Second Pact of Aqaba
In 622, pilgrims from Yathrib, seventy-five of them Muslims, from them two women, came to perform the Hajj. During the latter part of one night, while all were asleep, the Muslims from amongst the Yathribite pilgrims secretly crept into the place whether they had previously arranged to meet the Prophet, at the rocks at Aqaba, to vow allegiance to the Prophet and invite him to their city. At Aqaba, they met the Prophet, and with him was his uncle, then still a pagan but one who defended his nephew due to familial bonds. He spoke and warned the Muslims about the dangers of their task, and against proving untrue to their commitment if they undertook it. Another person from the pilgrims who was present the previous two years also stood and warned against the danger of their commitment and their preparedness to uphold it. In their staunch determination and love of the Prophet, they swore to defend him as they would defend their own selves, their wives and children. It was then that the Hijrah, the emigration to Yathrib, was decided.

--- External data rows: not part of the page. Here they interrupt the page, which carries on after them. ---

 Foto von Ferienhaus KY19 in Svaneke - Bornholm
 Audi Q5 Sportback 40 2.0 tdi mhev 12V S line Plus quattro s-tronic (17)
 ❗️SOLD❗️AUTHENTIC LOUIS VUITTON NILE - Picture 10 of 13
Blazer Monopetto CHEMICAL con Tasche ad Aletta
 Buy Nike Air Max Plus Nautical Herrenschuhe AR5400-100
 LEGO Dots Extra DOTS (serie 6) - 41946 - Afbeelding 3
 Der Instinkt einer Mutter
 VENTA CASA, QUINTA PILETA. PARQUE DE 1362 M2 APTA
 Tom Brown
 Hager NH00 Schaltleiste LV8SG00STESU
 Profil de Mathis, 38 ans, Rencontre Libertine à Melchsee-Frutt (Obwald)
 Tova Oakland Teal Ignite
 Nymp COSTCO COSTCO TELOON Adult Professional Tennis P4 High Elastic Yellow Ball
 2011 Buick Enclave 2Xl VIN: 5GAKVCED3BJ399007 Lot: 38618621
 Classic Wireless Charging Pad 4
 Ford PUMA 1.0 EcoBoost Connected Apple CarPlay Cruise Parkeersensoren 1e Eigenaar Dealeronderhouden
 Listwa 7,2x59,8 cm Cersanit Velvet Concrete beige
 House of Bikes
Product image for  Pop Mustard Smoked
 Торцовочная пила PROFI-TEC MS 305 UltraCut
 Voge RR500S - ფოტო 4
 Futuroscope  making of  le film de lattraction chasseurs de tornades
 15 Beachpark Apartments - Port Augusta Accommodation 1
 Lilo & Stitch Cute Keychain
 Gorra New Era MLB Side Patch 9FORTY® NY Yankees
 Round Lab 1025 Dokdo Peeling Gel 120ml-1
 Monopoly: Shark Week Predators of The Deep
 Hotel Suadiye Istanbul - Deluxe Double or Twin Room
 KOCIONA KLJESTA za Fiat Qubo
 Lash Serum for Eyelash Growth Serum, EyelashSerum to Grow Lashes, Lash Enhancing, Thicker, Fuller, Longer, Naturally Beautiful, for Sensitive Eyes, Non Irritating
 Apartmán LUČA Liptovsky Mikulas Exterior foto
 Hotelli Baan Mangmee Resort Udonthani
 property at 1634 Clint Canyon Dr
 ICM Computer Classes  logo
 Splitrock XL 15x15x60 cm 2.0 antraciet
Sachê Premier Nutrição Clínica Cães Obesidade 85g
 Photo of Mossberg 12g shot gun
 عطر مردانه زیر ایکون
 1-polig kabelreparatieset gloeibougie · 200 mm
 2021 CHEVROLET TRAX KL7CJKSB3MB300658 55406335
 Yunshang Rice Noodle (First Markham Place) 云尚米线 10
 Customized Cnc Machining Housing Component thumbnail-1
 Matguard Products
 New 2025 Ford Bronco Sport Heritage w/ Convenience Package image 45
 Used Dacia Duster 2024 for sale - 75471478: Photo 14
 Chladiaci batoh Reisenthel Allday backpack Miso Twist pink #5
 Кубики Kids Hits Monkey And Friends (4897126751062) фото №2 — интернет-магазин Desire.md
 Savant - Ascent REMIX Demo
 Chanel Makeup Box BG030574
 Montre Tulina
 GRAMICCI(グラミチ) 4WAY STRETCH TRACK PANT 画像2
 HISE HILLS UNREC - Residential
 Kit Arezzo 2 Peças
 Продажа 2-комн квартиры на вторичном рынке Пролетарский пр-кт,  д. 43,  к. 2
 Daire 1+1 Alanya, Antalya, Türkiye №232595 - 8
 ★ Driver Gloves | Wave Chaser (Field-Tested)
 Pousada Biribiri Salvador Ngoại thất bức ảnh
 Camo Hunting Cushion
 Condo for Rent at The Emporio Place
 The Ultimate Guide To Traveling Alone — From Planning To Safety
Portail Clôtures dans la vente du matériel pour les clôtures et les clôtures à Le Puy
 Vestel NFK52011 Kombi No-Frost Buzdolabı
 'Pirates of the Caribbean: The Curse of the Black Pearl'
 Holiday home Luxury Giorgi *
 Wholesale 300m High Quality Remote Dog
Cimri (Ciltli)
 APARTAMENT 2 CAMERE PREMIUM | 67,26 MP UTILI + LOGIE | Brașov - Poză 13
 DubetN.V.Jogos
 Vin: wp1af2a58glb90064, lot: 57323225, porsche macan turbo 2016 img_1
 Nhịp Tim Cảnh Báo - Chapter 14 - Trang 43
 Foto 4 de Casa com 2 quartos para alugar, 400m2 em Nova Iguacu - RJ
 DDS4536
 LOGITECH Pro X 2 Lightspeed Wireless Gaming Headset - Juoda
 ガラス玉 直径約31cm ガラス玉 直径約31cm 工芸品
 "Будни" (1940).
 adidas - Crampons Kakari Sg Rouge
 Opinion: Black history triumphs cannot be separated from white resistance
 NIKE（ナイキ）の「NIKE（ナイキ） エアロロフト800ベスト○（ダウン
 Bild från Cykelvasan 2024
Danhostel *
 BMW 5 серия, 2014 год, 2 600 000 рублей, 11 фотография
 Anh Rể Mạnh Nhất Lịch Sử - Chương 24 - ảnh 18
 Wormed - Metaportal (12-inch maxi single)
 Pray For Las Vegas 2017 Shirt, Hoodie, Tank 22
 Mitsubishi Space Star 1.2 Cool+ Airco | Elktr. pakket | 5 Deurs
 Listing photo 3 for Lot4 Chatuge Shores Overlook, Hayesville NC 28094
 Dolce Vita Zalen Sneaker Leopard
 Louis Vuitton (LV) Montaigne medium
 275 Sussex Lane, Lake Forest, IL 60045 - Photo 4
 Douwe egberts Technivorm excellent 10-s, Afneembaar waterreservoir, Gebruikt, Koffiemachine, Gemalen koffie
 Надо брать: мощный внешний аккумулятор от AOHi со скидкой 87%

This is known as the Pledge of War, because it involved protecting the person of the Prophet, by arms if necessary; and soon after the emigration to Yathrib, the Quranic verses permitting war in defense of the religion were revealed. These verses are crucial in the history of Islam:
“Permission is given unto those who fight because they have been wronged, and God is indeed able to give them victory; those who have been driven from their homes unjustly only because they said -- Our Lord is God! For were it not that God repels some people by means of others, monasteries and churches and synagogues and mosques in which the name of God is extolled would surely have been destroyed…” (Quran 22:39-40)
A turning-point had come for Prophet Muhammad, for the Muslims, and for the world. It was Prophet Muhammad’s destiny, and an aspect of his prophetic function, that he should demonstrate the alternatives open to the persecuted and the oppressed; on the one hand, forbearance; on the other, what is called by Christians the ‘just war’, but for which, in the words of a later Quranic revelation – “corruption would surely overwhelm the earth” (Quran 2:251). For almost thirteen years, he and his followers had suffered persecution, threats and insults without raising a hand in self-defense. They had proved that this was humanly possible. Circumstances were now changing and called for a very different response if the religion of Islam was to survive in the world. Peace has its seasons, but so has war, and the Muslim never forgets that every man born is born to struggle in one form or another, at one level or another; if not physically, then spiritually. Those who try to ignore this fact are, sooner or later, enslaved.
Plot to Murder the Prophet
In small groups, the Muslims slipped out of Mecca and took the road to Yathrib. The Hijrah (‘emigration’) had begun.
For Quraish the limits of what was bearable had been passed. Enemies within the city were bad enough, but now these enemies were setting up a rival centre to the north. The death of Abu Talib had removed Muhammad’s chief protector. Restrained hitherto by principles inherited from their bedouin forefathers and by the fear of causing a troublesome blood feud, the leaders finally decided that Muhammad must die. Abu Jahl proposed a simple plan. Young men should be chosen from different clans, each one to strike a mortal blow, so that Muhammad’s blood would be upon all of them. Hashim could not seek retribution from all the other clans.